-²⁵

3.7K 249 87
                                        

-

Antrenmana geç kaldığım için üstümü büyük bir hızla değiştiriyordum. Dağılan saçlarımı beceriksizce düzelttikten sonra tamamen hazır olduğuma karar vererek kapıya doğru ilerledim.

Soyunma odasından antreman için giyindiğim üstler ile alelacele çıkarken kapının benden önce açılması ile bir adım geriledim.

Kapıyı açan kişi Barış Alper olduğu için nefesim aniden kesilecek gibi oldu. Onu görmem ile elim ayağım birbirine dolanırken kapının önünden çekilip bana yol vermesi için içten içe dualar ediyordum. Çünkü onunla konuşmaya cesaretim falan yoktu.

Nitekim istediğim gibi olmadı ve tuttuğu kapıyı bırakmadığı gibi önümü kesmek adına kapı aralığının tam ortasına yerleşti. "Günaydın kardeşim." Üzerine bastırarak kardeşim dediğinde gözlerimi kaçırdım.
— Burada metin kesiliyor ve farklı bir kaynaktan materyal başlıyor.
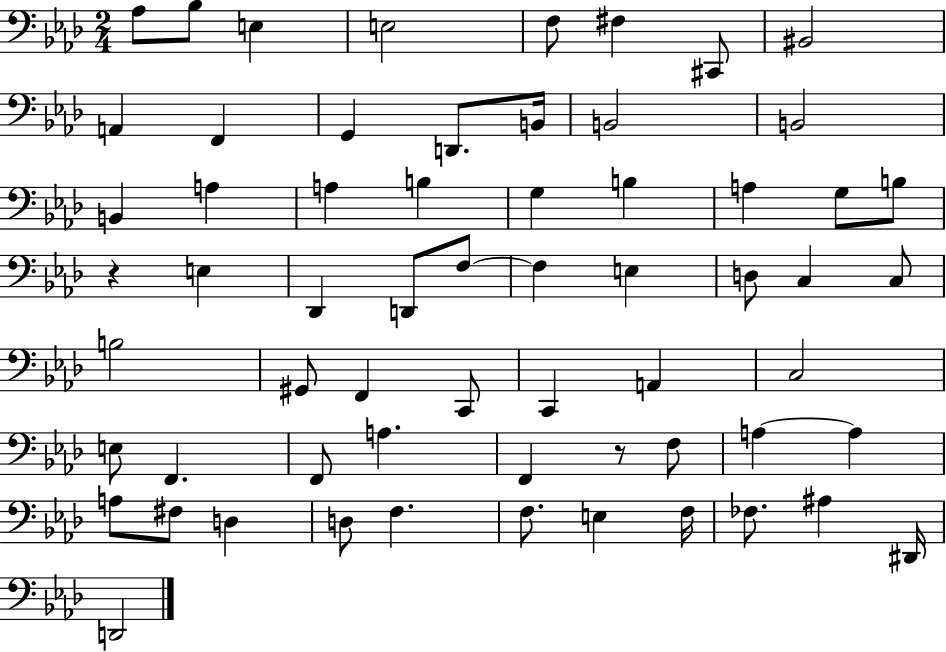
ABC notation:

X:1
T:Untitled
M:2/4
L:1/4
K:Ab
_A,/2 _B,/2 E, E,2 F,/2 ^F, ^C,,/2 ^B,,2 A,, F,, G,, D,,/2 B,,/4 B,,2 B,,2 B,, A, A, B, G, B, A, G,/2 B,/2 z E, _D,, D,,/2 F,/2 F, E, D,/2 C, C,/2 B,2 ^G,,/2 F,, C,,/2 C,, A,, C,2 E,/2 F,, F,,/2 A, F,, z/2 F,/2 A, A, A,/2 ^F,/2 D, D,/2 F, F,/2 E, F,/4 _F,/2 ^A, ^D,,/4 D,,2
"Günaydın Barış, izin verirsen çıkabilir miyim?" Başını iki yana sallarken yüzünde alay edercesine bir gülüş belirdi. "Çok saygısızsın, abi demen gerekmiyor muydu senin?"

Israrla kaçırmaya çalıştığım gözlerimi, hasret kaldığım gözlere dikerken onun bakışlarının üzerimden hiçbir şekilde ayrılmadığını fark ettim. Ben ne kadar kaçarsam o da o kadar kovalıyordu.
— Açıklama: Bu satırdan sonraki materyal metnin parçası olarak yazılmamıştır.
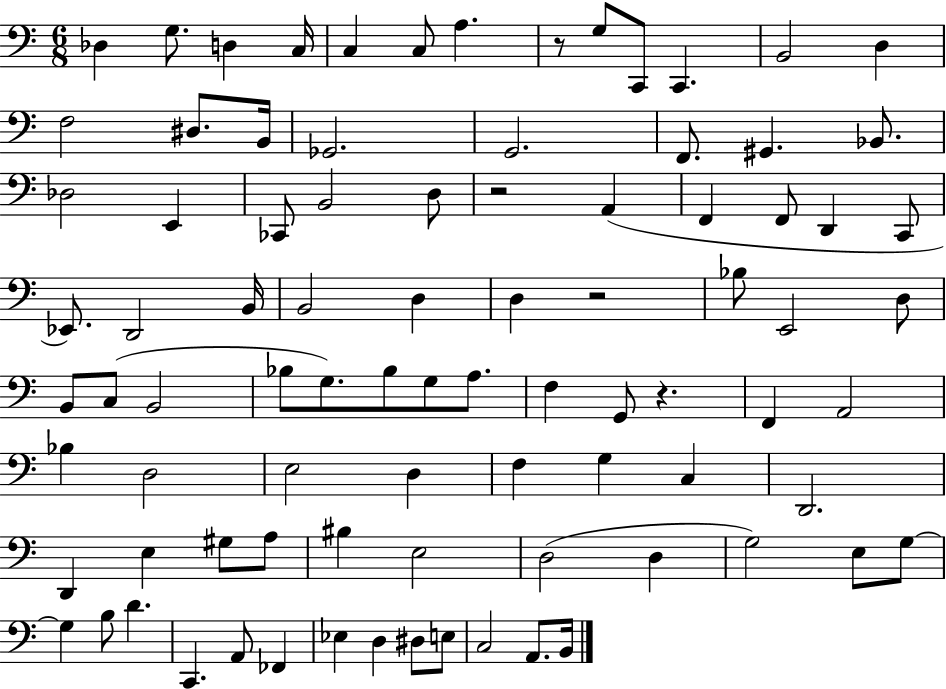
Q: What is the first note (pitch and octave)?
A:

"Üzgünüm, izin verirsen çıkabilir miyim Barış abi?" Gözlerinin içine baka baka onunla inatlaştığımda çenesi kasıldı ve içeriye girerek soyunma odasının kapısını üzerimize sertçe kapattı.

"Ne oldu?" Dedim tek kaşımı kaldırarak. "İstediğini yaptım işte." Başını iki yana salladı. "Sabrımı zorluyorsun Semih."
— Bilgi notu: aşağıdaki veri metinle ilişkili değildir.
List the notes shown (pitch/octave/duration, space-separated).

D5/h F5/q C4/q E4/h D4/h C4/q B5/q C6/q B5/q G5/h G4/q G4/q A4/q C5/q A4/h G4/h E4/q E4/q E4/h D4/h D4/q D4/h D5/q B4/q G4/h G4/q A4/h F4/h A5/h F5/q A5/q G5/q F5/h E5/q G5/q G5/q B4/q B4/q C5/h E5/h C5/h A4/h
Omuz silktim sadece. "Artık cevap da vermiyorsun." Derken gerilen yüz hatlarını izlediğimde göğsümden ittirildiğim gibi sırtım giyinme dolaplarından biriyle buluştu.

Fazla sert itmemeye çalışsa da elinin ayarı olmadığı için dolaba sülük gibi yapışmıştım. Âni gelen hareketi yüzünden acıyla inlememe engel olamadım.

Aramızdaki mesafeyi kapattı ve beni dolap ile arasına alarak derince iç çekti. "Böyle saçma sebeplerden dolayı benden uzaklaşmana izin vereceğimi mi zannediyorsun?"

"Zorundasın." Dedim sesim sanki içime kaçmış gibiydi. Dudağının kenarı kıvrılırken üzerime doğru biraz daha eğildi. "Hiçbir şeye zorunlu değilim, değiliz."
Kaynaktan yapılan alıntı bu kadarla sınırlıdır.